The identification of sequences that are differentially expressed in metastatic breast cancer or metastatic lung cancer versus non-metastatic breast cancer or non-metastatic lung cancer tissue allows the use of this information in a number of ways. For example, a particular treatment regime may be evaluated: does a chemotherapeutic drug act to down-regulate metastatic breast cancer or metastatic lung cancer, and thus tumor growth or recurrence, in a particular patient. Similarly, diagnosis and treatment outcomes may be done or confirmed by comparing patient samples with the known expression profiles. Metastatic tissue can also be analyzed to determine the stage of metastatic breast cancer or metastatic lung cancer in the tissue. Furthermore, these gene expression profiles (or individual genes) allow screening of drug candidates with an eye to mimicking or altering a particular expression profile; e.g., screening can be done for drugs that suppress the metastatic breast cancer or metastatic lung cancer expression profile. This may be done by making biochips comprising sets of the important metastatic breast cancer or metastatic lung cancer genes, which can then be used in these screens. PCR methods may be applied with selected primer pairs, and analysis may be of RNA or of genomic sequences. These methods can also be done on the protein basis; that is, protein expression levels of the metastatic breast cancer or metastatic lung cancer proteins can be evaluated for diagnostic purposes or to screen candidate agents. In addition, the metastatic breast cancer or metastatic lung cancer nucleic acid sequences can be administered for gene therapy purposes, including the administration of antisense nucleic acids, or the metastatic breast cancer or metastatic lung cancer proteins (including antibodies and other modulators thereof) administered as therapeutic drugs or as protein or DNA vaccines.

Thus the present invention provides nucleic acid and protein sequences that are differentially expressed in metastatic breast cancer or metastatic lung cancer, herein termed “metastatic breast cancer or metastatic lung cancer sequences.” As outlined below, metastatic breast cancer or metastatic lung cancer sequences include those that are up- regulated (i.e., expressed at a higher level) in metastatic breast cancer or metastatic lung cancer, as well as those that are down-regulated (i.e., expressed at a lower level). In a preferred embodiment, the metastatic breast cancer or metastatic lung cancer sequences are from humans; however, as will be appreciated by those in the art, metastatic breast cancer or metastatic lung cancer sequences from other organisms may be useful in animal models of disease and drug evaluation; thus, other metastatic breast cancer or metastatic lung cancer sequences are provided, from vertebrates, including mammals, including rodents (rats, mice, hamsters, guinea pigs, etc.), primates, farm animals (including sheep, goats, pigs, cows, horses, etc.) and pets (dogs, cats, etc.). Metastatic breast cancer or metastatic lung cancer sequences from other organisms may be obtained using the techniques outlined below.

Metastatic breast cancer or metastatic lung cancer sequences can include both nucleic acid and amino acid sequences.
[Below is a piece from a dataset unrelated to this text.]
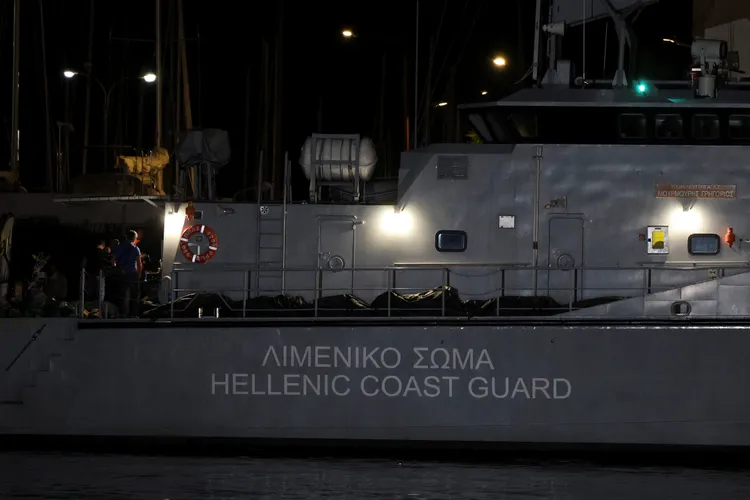 希臘搜救船隻裝滿了黑色的屍袋。路透社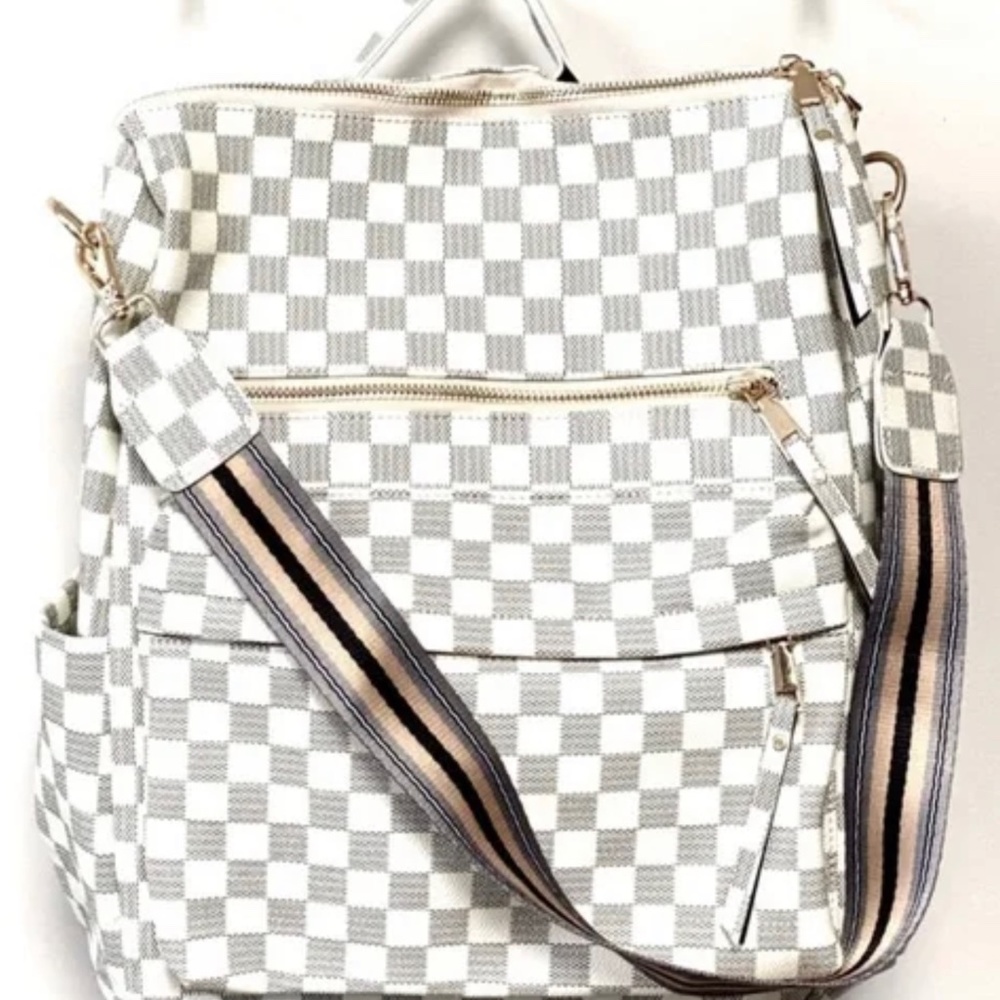 White checkered Cambden backpack/tote 🔥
As will be appreciated by those in the art and is more fully outlined below, metastatic breast cancer or metastatic lung cancer nucleic acid sequences are useful in a variety of applications, including diagnostic applications, which will detect naturally occurring nucleic acids, as well as screening applications; e.g., biochips comprising nucleic acid probes or PCR microtiter plates with selected probes to the metastatic breast cancer or metastatic lung cancer sequences can be generated.

A metastatic breast cancer or metastatic lung cancer sequence can be initially identified by substantial nucleic acid and/or amino acid sequence homology to the metastatic breast cancer or metastatic lung cancer sequences outlined herein. Such homology can be based upon the overall nucleic acid or amino acid sequence, and is generally determined as outlined below, using either homology programs or hybridization conditions.

For identifying metastatic breast cancer or metastatic lung cancer-associated sequences, the metastatic breast cancer or metastatic lung cancer screen typically includes comparing genes identified in different tissues, e.g., normal and cancerous tissues, or tumor tissue samples from patients who have metastatic disease vs. non metastatic tissue, or tumor tissue samples from patients who have been diagnosed cancer but have survived vs. metastatic tissue. Other suitable tissue comparisons include comparing metastatic breast cancer or metastatic lung cancer samples with metastatic cancer samples from other cancers, such as gastrointestinal cancers, prostate, ovarian, etc. Samples of, e.g., breast cancer survivor tissue and tissue undergoing metastasis are applied to biochips comprising nucleic acid probes. The samples are first microdissected, if applicable, and treated as is known in the art for the preparation of mRNA. Suitable biochips are commercially available, e.g., GENECHIP® (DNA microarray) technology from Affymetrix, Inc. (Santa Clara, Calif.). Gene expression profiles as described herein are generated and the data analyzed.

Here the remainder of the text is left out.